*To do*
Using the data below, output a verbatim copy of the lines between the one holding "3 Wentworth Place 3D Model" and the one holding "Riverine Spartan 23.", inclusive, without any pictures.

*Source information*
--- --- ---

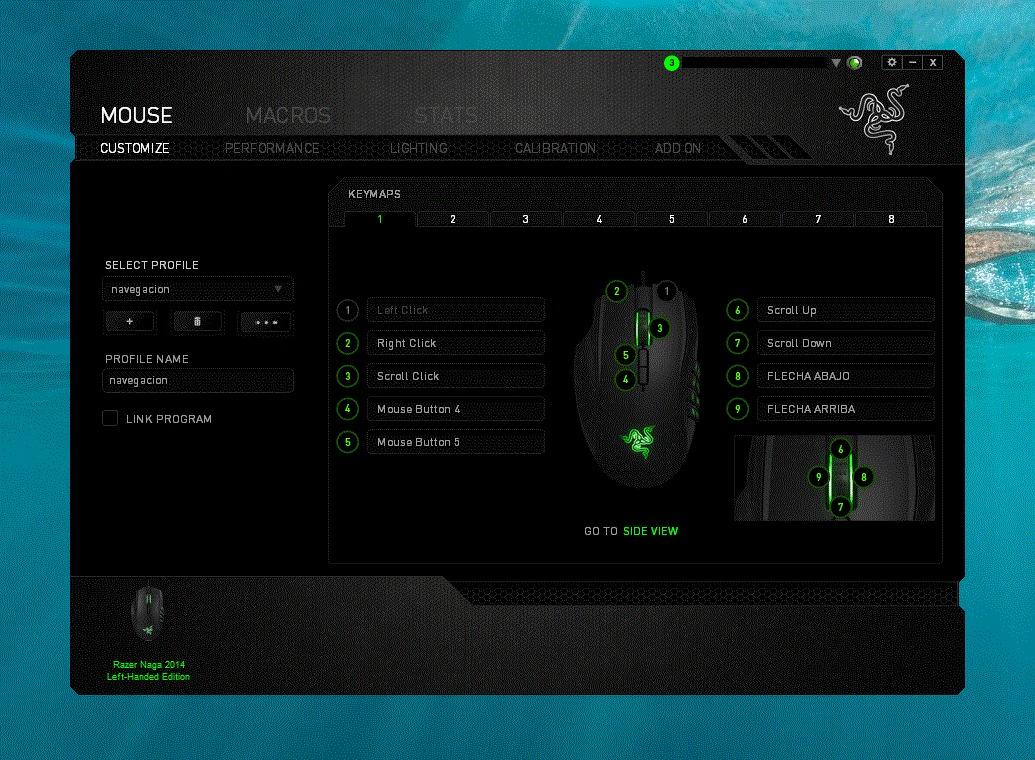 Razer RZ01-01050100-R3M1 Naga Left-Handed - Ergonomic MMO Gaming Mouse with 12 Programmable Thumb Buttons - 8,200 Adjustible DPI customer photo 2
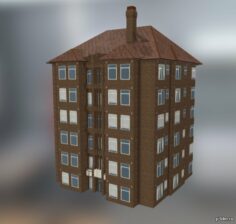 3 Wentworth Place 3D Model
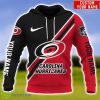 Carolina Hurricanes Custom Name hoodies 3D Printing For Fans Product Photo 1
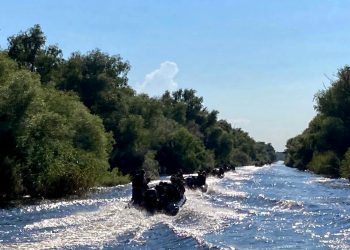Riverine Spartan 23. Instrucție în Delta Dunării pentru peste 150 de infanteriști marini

--- --- ---

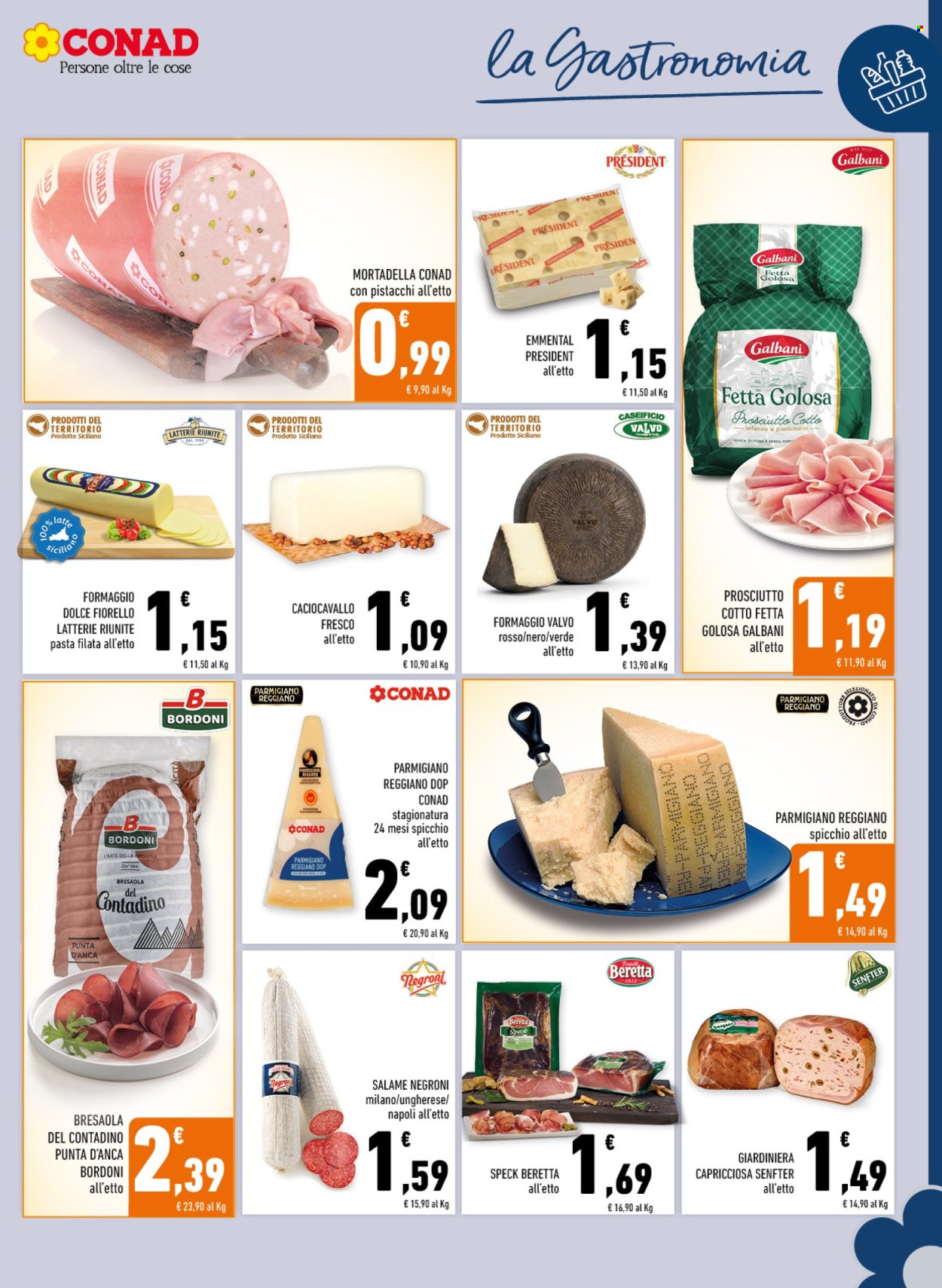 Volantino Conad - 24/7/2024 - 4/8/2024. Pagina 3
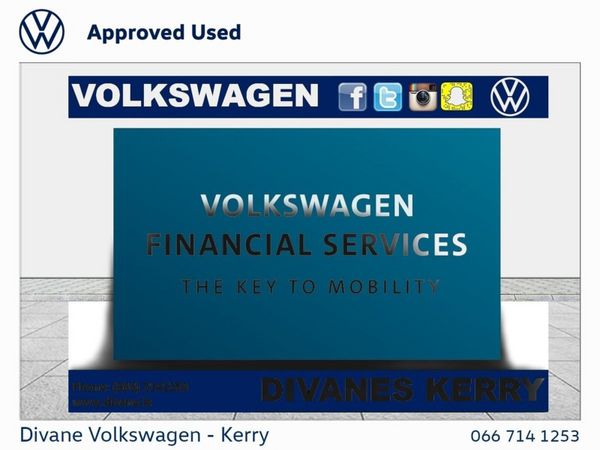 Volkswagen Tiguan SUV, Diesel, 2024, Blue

--- --- ---

*Output for this exercise*
 3 Wentworth Place 3D Model
 Carolina Hurricanes Custom Name hoodies 3D Printing For Fans Product Photo 1
Riverine Spartan 23. Instrucție în Delta Dunării pentru peste 150 de infanteriști marini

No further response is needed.